Degen v. Bayman

Annotate this Case

241 N.W.2d 703 (1976)

Norbert DEGEN, Plaintiff and Respondent, v. Donald BAYMAN, Defendant, Third-party Plaintiff and Respondent, v. OUTBOARD MARINE CORPORATION, a Delaware Corporation, Defendant and Appellant. William DEGEN, Plaintiff, Appellant and Cross-Respondent, v. Donald BAYMAN, Defendant, Third-party Plaintiff, Respondent and Cross-Respondent, v. OUTBOARD MARINE CORPORATION, a Delaware Corporation, Defendant, Respondent and Cross-Appellant.

Nos. 11336-11338.

Supreme Court of South Dakota.

May 13, 1976.

*704 Franklin J. Wallahan of Hanley, Wallahan & Murray, Rapid City, for plaintiff and respondent, Norbert Degen; and for plaintiff, appellant and cross-respondent, William Degen.

William G. Porter of Costello, Porter, Hill, Nelson, Heisterkamp & Bushnell, Rapid City, for Donald Bayman.

H. L. Fuller of Woods, Fuller, Shultz & Smith, Sioux Falls, George Beal, Rapid City, for Outboard Marine Corp.

MYDLAND, Circuit Judge.

This the second time that this case has been before this court. See Degen v. Bayman & Outboard Marine, 86 S.D. 598, 200 N.W.2d 134. There we held that the case had to be retried because of improper statements made by counsel in closing argument. We also held that defendant Donald Bayman was not entitled to indemnity from defendant Outboard Marine Corporation.

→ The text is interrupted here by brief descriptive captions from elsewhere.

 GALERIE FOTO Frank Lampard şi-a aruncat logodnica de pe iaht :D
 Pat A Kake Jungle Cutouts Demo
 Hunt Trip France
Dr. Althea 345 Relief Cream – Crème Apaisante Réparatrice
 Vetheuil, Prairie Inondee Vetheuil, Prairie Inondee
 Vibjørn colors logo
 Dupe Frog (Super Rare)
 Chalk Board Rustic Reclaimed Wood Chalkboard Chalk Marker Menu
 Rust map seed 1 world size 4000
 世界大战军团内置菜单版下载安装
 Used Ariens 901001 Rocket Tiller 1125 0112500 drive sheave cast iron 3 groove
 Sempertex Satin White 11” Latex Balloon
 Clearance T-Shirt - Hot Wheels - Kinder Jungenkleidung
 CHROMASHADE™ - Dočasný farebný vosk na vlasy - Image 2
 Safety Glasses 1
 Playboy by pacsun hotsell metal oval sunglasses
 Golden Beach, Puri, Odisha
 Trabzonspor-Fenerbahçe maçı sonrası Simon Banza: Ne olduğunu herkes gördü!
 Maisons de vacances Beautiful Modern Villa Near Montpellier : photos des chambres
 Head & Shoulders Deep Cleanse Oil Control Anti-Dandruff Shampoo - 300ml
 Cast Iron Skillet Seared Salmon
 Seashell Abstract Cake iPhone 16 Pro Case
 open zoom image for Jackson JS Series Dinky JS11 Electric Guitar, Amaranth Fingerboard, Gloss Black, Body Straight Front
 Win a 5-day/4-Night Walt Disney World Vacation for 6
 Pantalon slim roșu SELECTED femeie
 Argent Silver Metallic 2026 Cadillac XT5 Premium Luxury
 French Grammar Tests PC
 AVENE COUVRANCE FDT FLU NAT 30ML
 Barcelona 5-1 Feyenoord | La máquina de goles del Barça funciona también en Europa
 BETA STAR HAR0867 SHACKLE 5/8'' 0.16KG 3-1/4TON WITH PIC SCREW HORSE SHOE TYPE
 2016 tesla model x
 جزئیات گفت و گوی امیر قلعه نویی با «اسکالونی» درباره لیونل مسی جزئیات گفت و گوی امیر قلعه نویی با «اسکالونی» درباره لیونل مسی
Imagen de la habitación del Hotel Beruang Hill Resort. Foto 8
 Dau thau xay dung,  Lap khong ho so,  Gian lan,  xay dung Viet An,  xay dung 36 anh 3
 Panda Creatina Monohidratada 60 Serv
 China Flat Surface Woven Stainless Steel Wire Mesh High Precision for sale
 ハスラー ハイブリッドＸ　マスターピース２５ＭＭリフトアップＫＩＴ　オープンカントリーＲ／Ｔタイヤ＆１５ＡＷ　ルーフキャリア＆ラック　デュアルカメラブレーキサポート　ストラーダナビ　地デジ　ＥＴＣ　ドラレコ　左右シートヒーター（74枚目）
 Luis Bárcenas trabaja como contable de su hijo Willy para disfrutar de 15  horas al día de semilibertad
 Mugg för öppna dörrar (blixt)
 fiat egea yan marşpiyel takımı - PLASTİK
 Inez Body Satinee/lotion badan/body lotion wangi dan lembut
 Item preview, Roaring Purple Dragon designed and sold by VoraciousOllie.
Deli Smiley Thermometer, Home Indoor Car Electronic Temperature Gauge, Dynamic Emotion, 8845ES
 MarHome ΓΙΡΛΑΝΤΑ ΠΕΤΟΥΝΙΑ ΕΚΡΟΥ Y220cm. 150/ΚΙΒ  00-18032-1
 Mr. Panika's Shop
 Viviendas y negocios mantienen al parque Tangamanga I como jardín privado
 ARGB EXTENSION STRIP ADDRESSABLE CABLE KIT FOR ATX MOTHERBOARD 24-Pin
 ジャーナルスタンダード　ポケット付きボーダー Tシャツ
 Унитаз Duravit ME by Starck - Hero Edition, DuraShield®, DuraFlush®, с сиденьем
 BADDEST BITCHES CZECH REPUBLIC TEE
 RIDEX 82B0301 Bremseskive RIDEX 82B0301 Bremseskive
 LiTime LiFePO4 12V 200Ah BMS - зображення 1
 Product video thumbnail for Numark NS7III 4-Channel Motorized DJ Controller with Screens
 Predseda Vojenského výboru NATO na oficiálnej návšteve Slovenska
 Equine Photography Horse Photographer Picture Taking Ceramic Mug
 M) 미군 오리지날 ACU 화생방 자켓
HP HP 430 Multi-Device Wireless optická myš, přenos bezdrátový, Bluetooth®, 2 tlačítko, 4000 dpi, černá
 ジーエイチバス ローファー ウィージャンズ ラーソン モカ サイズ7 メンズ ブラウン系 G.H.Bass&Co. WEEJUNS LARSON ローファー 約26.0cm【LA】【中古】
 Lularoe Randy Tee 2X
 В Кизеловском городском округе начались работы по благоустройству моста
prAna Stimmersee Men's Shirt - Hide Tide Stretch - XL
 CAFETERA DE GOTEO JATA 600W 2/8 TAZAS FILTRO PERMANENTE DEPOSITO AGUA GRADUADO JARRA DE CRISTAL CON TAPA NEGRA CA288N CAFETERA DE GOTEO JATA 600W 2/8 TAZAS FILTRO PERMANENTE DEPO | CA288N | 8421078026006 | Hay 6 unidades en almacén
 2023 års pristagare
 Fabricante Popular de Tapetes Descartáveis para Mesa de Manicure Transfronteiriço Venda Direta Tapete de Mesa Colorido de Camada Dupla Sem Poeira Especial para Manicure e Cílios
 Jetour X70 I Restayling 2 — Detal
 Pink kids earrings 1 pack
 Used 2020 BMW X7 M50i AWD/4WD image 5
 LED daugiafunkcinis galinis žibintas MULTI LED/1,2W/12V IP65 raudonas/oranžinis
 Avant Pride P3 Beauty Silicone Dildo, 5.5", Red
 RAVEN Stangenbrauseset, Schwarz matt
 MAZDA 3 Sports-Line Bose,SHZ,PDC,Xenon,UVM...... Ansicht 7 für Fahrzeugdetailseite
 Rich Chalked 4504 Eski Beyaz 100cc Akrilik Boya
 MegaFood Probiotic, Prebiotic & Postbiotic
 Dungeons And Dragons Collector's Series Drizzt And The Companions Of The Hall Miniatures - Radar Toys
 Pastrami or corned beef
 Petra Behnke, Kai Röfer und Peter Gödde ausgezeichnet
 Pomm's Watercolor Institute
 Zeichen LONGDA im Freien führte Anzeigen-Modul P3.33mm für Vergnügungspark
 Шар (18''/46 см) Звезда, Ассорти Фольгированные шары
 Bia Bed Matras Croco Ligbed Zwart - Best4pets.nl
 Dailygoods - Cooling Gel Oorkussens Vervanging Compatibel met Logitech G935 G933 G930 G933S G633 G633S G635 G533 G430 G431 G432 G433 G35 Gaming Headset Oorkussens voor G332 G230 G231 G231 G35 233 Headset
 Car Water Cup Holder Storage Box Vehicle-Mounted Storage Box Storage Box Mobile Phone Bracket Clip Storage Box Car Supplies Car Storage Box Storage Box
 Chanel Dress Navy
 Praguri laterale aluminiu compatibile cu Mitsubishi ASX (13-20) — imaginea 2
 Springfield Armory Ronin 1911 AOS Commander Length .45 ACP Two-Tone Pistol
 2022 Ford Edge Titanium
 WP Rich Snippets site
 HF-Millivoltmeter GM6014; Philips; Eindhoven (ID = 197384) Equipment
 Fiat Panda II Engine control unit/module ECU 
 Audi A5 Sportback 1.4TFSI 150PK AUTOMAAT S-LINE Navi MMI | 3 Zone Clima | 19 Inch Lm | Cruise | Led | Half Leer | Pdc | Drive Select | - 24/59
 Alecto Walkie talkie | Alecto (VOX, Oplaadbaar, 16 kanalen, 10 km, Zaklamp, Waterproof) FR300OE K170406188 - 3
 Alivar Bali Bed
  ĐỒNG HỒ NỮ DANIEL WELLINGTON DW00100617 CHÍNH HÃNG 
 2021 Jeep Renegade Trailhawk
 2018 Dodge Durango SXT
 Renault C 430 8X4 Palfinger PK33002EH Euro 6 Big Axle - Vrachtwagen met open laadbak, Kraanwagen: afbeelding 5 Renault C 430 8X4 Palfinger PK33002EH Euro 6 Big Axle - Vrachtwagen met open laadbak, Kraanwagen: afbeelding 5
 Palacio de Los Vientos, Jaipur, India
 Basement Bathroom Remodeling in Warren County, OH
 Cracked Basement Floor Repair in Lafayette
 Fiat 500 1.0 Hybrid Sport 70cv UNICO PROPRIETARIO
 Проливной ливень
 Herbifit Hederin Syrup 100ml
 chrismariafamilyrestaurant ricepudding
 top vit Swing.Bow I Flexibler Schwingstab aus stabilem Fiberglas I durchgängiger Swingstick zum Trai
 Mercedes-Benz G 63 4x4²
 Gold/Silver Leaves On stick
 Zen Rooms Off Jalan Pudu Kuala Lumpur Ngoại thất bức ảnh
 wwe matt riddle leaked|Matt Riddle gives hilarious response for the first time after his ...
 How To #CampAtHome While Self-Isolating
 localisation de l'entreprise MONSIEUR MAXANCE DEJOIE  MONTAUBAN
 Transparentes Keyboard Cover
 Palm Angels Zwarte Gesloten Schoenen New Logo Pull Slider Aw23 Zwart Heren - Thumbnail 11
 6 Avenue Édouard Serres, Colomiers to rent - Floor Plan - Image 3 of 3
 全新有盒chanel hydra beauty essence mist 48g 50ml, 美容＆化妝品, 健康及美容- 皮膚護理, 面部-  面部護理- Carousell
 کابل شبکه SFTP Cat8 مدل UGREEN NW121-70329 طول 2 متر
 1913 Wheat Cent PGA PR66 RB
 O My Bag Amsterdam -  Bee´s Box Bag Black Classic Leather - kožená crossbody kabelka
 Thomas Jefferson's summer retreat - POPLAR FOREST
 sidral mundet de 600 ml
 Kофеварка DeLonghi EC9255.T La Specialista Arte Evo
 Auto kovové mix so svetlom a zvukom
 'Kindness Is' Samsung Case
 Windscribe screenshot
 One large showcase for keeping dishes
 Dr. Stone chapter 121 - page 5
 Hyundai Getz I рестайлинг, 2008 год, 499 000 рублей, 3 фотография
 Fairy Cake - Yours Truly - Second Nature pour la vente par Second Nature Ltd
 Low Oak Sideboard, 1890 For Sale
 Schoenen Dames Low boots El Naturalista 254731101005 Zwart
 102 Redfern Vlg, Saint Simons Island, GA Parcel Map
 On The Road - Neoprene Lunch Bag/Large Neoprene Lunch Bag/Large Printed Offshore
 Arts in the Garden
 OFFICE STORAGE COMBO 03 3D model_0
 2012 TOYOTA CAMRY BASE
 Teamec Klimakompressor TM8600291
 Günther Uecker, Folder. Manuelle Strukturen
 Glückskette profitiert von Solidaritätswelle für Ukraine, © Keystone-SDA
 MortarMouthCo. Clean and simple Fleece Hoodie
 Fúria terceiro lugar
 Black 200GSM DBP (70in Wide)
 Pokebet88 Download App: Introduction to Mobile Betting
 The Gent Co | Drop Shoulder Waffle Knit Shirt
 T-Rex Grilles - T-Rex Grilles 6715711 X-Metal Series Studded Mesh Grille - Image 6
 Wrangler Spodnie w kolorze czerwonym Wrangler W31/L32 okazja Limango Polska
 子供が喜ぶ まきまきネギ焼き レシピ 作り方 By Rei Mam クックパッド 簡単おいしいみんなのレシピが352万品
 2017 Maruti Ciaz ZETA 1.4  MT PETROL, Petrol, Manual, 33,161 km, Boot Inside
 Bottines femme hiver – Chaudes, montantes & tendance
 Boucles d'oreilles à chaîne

*705 The facts of this case are fully set out in our earlier opinion in Degen v. Bayman, supra. Since they are set out there, we will only summarize them here. Plaintiff William J. Degen was severely injured when a 210 h.p. boat manufactured by defendant Outboard Marine backed over him and struck his legs with its propeller. The accident occurred July 28, 1968, on Sheridan Lake in Pennington County. The operator of the boat was Donald Bayman. Bayman had borrowed the boat from his employer. He had driven the boat at least twice previously and had been operating it on Sheridan Lake for some time prior to the accident. The boat was equipped with an automatic push-button transmission mounted near the throttle control on the right side of the boat. The shift positions were "forward," "neutral" and "reverse." The evidence is undisputed that the boat was designed to start in any gear. There was also no warning in the boat to the effect that the boat would start in gear.

At the first trial, William Degen charged Bayman with negligent operation of the boat and Outboard Marine with negligent design of the boat, failure to give an adequate warning of the danger and breach of an implied warranty of merchantability or fitness for intended use. Later a cause of action against Outboard Marine was added alleging strict liability under § 402A, Restatement, Second, Torts.

During the trial of the first case, Bayman settled with William Degen for $65,000, and Degen's mother as his guardian executed a release relieving Bayman of any further liability to William Degen as a result of the accident. The jury then found both Bayman and Outboard Marine liable and set Degen's damages at $380,000. We then considered the case on appeal, reversed and remanded it for a new trial.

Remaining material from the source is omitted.